**MATERIALS PROVIDED**.
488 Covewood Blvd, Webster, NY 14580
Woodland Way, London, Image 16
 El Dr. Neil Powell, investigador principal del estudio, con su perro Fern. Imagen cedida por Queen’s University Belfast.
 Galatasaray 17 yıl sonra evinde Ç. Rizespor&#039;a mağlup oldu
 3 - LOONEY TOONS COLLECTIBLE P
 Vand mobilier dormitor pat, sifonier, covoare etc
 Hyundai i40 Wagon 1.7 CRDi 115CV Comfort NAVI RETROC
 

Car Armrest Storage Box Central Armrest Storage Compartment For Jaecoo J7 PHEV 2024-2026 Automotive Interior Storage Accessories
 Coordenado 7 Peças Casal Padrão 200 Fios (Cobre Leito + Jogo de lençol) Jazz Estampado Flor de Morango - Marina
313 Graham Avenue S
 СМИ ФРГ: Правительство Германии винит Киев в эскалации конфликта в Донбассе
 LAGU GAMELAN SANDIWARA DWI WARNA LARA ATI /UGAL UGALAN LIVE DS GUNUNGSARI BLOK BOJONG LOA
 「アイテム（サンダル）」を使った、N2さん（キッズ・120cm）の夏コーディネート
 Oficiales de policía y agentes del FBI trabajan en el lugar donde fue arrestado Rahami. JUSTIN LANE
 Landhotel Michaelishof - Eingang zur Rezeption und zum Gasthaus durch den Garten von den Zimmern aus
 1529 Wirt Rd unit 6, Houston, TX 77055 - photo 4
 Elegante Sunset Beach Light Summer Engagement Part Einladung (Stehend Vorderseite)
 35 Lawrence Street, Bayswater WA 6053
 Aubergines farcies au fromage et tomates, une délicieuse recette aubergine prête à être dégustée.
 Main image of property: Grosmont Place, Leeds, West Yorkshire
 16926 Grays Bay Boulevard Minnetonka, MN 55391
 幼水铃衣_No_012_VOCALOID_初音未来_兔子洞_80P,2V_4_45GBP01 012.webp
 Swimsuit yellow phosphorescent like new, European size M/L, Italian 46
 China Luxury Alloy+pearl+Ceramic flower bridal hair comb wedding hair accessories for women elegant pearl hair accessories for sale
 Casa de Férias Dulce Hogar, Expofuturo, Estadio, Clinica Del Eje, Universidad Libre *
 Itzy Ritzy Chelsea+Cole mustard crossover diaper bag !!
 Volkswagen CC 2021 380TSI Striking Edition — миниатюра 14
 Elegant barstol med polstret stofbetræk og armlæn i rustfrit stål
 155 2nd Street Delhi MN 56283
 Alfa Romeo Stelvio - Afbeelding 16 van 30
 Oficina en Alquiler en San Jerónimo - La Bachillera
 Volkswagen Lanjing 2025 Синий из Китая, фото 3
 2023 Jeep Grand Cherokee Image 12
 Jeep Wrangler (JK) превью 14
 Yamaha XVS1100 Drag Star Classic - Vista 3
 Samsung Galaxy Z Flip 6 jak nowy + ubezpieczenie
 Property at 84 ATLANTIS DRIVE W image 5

**REQUIRED ACTION**.
Search the data for the string "Volkswagen" and copy every line where it appears.

**SOLUTION FOR THIS EXERCISE**.
 Volkswagen CC 2021 380TSI Striking Edition — миниатюра 14
 Volkswagen Lanjing 2025 Синий из Китая, фото 3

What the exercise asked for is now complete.